La misma lacra ha signado a Colombia, sacudida durante décadas por una guerra entre guerrillas, paramilitares, narcotraficantes, bandas criminales y el Ejército y donde los actores armados se inscribieron en los cuerpos de las mujeres, los marcaron, los violentaron, los destrozaron.
Las mujeres han sido las grandes víctimas; la violencia sexual es bastante fuerte por parte de todos los grupos armados del conflicto que nunca se fue pese a la firma de la paz.

Las historias de miles de mujeres se suman a las de cientos de latinoamericanas en riesgo por su trabajo en defensa de la tierra, el medio ambiente y los derechos de sus comunidades. De acuerdo con ONU Mujeres, la defensa del territorio es una causa profundamente conectada con la vocación femenina de transformación y es una de las de las razones que las pone en una situación mayor de vulnerabilidad; lastimosamente Latinoamérica es la región del mundo más peligrosa para estos activistas, cuando 166 defensoras del medio ambiente fueron asesinadas entre 2015 y 2019. Por eso, es imperativo atender el nivel de violencia al que se exponen estas mujeres, al confirmar el hostigamiento y ataques contra las defensoras de sus países y de sus tierras.

Aún hay una limitada participación femenina en los procesos de paz: entre 1992 y 2019 solo el 13 % de los negociadores, el 6 % de los mediadores y el 6 % de los signatarios en procesos importantes de paz eran mujeres.
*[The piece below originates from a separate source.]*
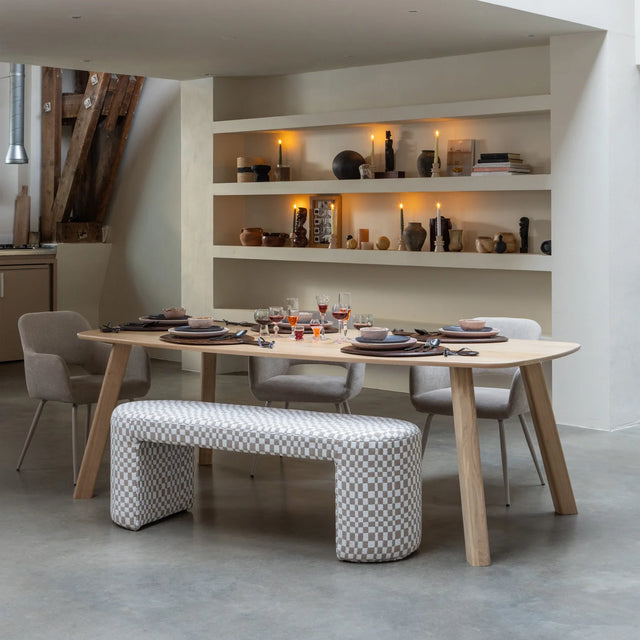 Gepolsterte Sitzbank Jacob Sand mit Karomuster - Woood - DesignWe.Love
Sin embargo, cientos de latinoamericanas han asumido por su cuenta un rol de líderes comunitarias y de búsqueda de reparación.

Guatemala se convirtió en referente de justicia en crímenes de violencia sexual, pues lograron que exmilitares y exparamilitares fueran condenados por los abusos en la comunidad indígena de Sepur Zarco, ya que las mujeres han sido las que abrieron el espacio de lucha para la recuperación democrática y la reivindicación de la paz.